The I2U2 Group is a grouping of India, Israel, the United Arab Emirates, and the United States. The group's first joint statement, released on July 14, 2022, states that the countries aim to cooperate on "joint investments and new initiatives in water, energy, transportation, space, health, and food security."

Background 
In an essay for the Middle East Institute, Mohammed Soliman, a foreign policy thinker, made the strategic case for a broader "Indo-Abrahamic Alliance" that includes India, Israel, the UAE, and the United States and would expand in the future to include Egypt and Saudi Arabia to create a favorable balance of power that maintains peace and security in West Asia. Indian commentator Raja Mohan endorsed Soliman's Indo-Abrahamic concept and how it "can provide a huge fillip to India’s engagement with the extended neighbourhood to the west." Soliman's strategic concept of the "Indo-Abrahamic Alliance" is hailed as the one of the most influential articulations of post-US Middle East and eventually laid the framework for the I2U2 group. 

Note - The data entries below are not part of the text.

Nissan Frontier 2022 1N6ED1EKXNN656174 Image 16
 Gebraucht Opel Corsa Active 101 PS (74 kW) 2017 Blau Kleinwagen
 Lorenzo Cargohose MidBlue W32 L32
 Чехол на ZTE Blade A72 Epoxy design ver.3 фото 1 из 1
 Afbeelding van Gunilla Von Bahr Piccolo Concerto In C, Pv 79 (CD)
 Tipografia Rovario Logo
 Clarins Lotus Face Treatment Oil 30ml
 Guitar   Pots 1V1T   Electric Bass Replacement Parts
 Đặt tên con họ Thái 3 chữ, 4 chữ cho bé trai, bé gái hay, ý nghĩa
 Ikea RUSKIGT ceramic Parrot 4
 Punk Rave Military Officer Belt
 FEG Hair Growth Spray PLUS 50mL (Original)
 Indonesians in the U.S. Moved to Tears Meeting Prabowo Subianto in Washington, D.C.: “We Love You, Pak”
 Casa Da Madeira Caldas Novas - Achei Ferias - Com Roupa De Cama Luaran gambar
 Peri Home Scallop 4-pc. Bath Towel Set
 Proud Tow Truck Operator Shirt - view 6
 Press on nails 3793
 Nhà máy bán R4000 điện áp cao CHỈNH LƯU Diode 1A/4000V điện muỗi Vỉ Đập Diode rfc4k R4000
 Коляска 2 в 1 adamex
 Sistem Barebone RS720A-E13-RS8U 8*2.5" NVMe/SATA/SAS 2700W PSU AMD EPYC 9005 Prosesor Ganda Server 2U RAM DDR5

India, Israel, the UAE, and the United States held their first joint meeting virtually in October 2021. At the time, the grouping of the four countries was compared to the Quad. The inclusion of the UAE and Israel in a cooperative agreement of this kind was made possible by the Abraham Accords brokered in August 2020, which normalized relations between the two countries. Soliman intended for the Indo-Abrahamic Alliance concept to transform West Asia's regional geopolitics and geo-economics and ultimately link the I2U2 Plus group with the Quad to shore up an overarching Asian order. Soliman advocates for expanding the format to include more member states such as Egypt, Saudi Arabia, France, and Greece.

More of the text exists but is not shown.